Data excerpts

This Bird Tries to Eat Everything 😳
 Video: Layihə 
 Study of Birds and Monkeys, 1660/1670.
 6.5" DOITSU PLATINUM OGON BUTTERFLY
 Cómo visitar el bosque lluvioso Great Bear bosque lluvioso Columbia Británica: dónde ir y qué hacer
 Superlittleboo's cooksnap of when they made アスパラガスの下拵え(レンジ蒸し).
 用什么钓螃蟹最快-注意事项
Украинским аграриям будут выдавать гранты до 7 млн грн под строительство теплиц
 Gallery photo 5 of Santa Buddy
--
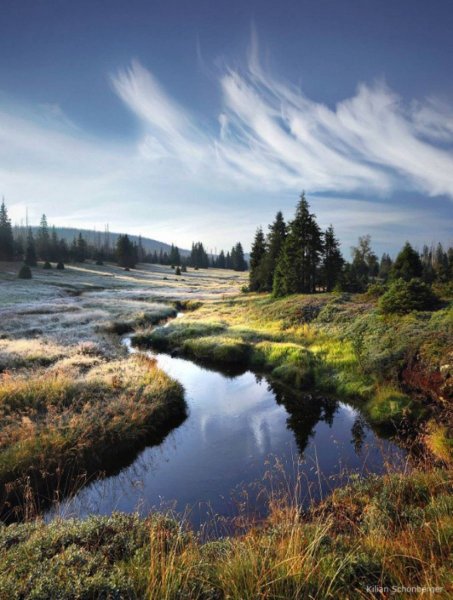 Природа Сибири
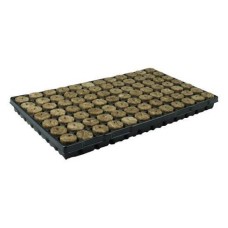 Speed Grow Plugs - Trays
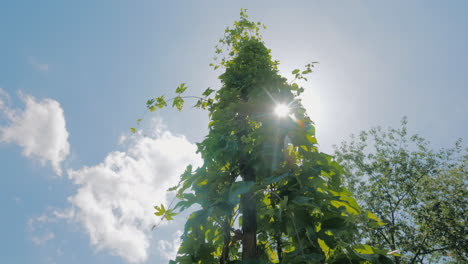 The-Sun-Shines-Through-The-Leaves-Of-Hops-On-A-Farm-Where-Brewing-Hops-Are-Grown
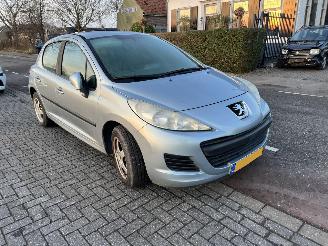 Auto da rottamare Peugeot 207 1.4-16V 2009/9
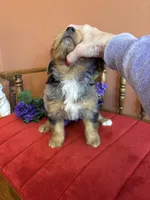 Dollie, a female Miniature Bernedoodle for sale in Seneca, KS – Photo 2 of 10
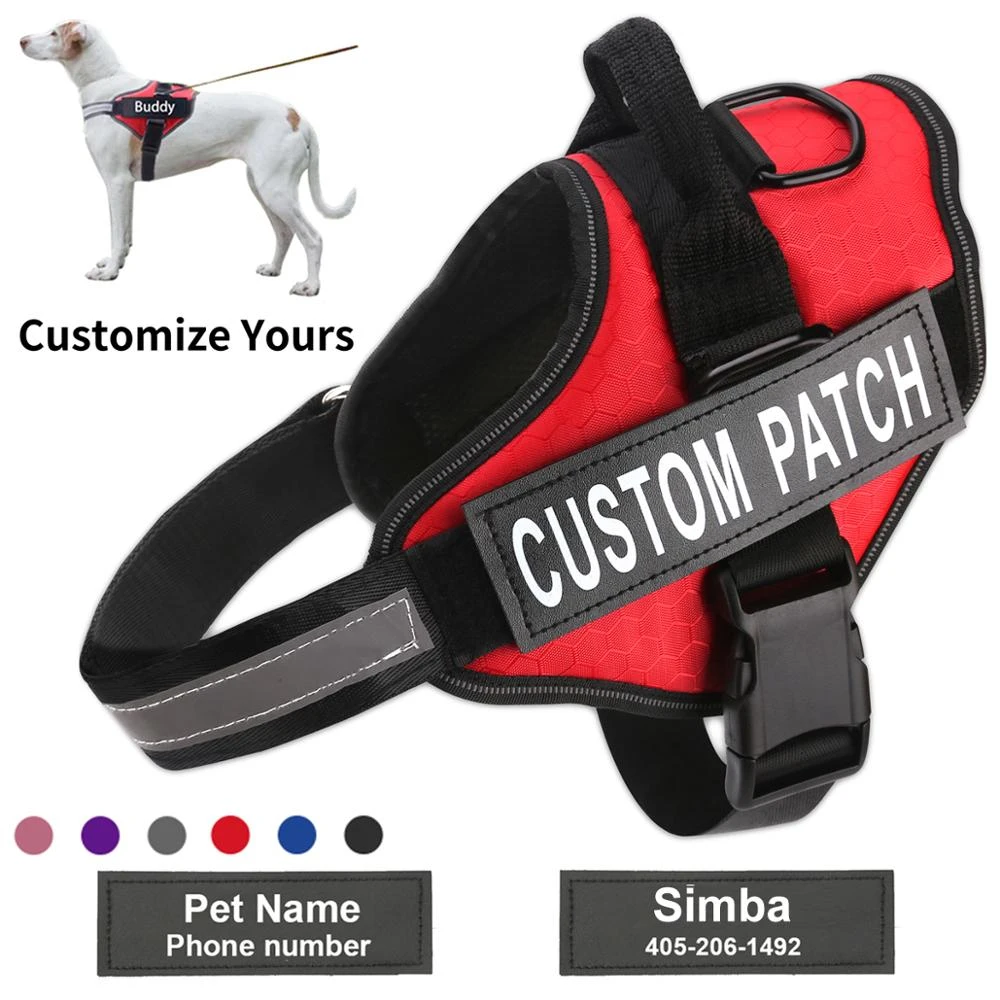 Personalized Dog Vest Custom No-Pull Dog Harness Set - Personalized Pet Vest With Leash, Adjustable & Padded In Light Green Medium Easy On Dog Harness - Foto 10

> [Task brief]
Retype only the lines above from the one with "Auto da rottamare Peugeot 207 1.4-16V 2009/9" through the one with "Personalized Dog Vest", exactly and with both ends. Images stay out.

> [Reply to the exercise]
 Auto da rottamare Peugeot 207 1.4-16V 2009/9
 Dollie, a female Miniature Bernedoodle for sale in Seneca, KS – Photo 2 of 10
 Personalized Dog Vest Custom No-Pull Dog Harness Set - Personalized Pet Vest With Leash, Adjustable & Padded In Light Green Medium Easy On Dog Harness - Foto 10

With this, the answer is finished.